WhisperKit Unable to load model (or very very slow)

Hi,

Loading models on the IOS. However, when I try to load it on my developer Iphone (IOS17, iphone 13 pro), it doesn't work. It seems to get stuck on Loading audio encoder. I'm loading openai_whisper-large-v3-v20240930_turbo.

I'm also getting: ANE model load has failed for on-device compiled macho. Must re-compile the E5 bundle. @ GetANEFModel E5RT: ANE model load has failed for on-device compiled macho. Must re-compile the E5 bundle. (13) E5RT encountered an STL exception. msg = MILCompilerForANE error: failed to compile ANE model using ANEF. Error=Couldn’t communicate with a helper application.. E5RT: MILCompilerForANE error: failed to compile ANE model using ANEF. Error=Couldn’t communicate with a helper application. (11) [Espresso::handle_ex_plan] exception=ANECF error: failed to load ANE model file:///private/var/mobile/Containers/Data/Application/4D70A0C9-753D-4885-B517-1553E5A1F338/Documents/huggingface/models/argmaxinc/whisperkit-coreml/openai_whisper-large-v3-v20240930_turbo/AudioEncoder.mlmodelc/model.mil Error=createProgramInstanceForModel:modelToken:qos:isPreCompiled:enablePowerSaving:skipPreparePhase:statsMask:memoryPoolID:enableLateLatch:modelIdentityStr:owningPid:cacheUrlIdentifier:aotCacheUrlIdentifier:error:: Program load failure (0x20004)
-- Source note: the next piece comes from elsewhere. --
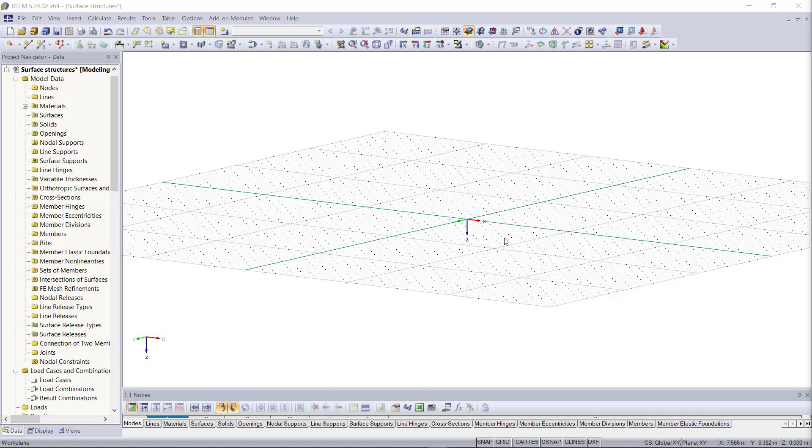Hi and welcome back to another video within our tutorials modeling with RFEM 5. Our last tutorial was about cable structures and the theory behind the calculation. This video will be about modeling surface structures, and for that we will do a very simple example which will be a basic concrete structure with a slab and some walls.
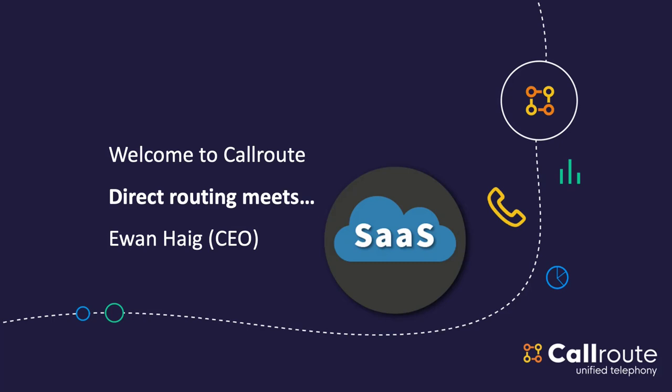So, my name's Ewan Haig, I'm from SIP Synergy, albeit you see up there we are CallRoute. So CallRoute is a service offering of SIP Synergy, and as the title suggests, it's about direct routing and how that meets software as a service.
How long is the expected loading time on 13 pro ? Is there any build configuration I'm missing ?

Thanks,

Hugo

Dec 03 '24 18:12 HugoDellinger

Some models are simply too large to load on an iPhone 13 Pro, this one in particular is one of them. Luckily we've spent a lot of effort quantizing and optimizing many of the biggest models to work on the smallest devices, and created a list for all the models that are supported per device. It is directly accessible in WhisperKit via this handy function, and the example app also shows how they can be utilized here.

This method pulls from https://huggingface.co/argmaxinc/whisperkit-coreml/blob/main/config.json#L40-L57, which we have done extensive benchmarks to verify performance and functionality - viewable in this huggingface space: https://huggingface.co/spaces/argmaxinc/whisperkit-benchmarks. This will help you choose the best accuracy / performance tradeoff for all the phones we support. Hope that helps!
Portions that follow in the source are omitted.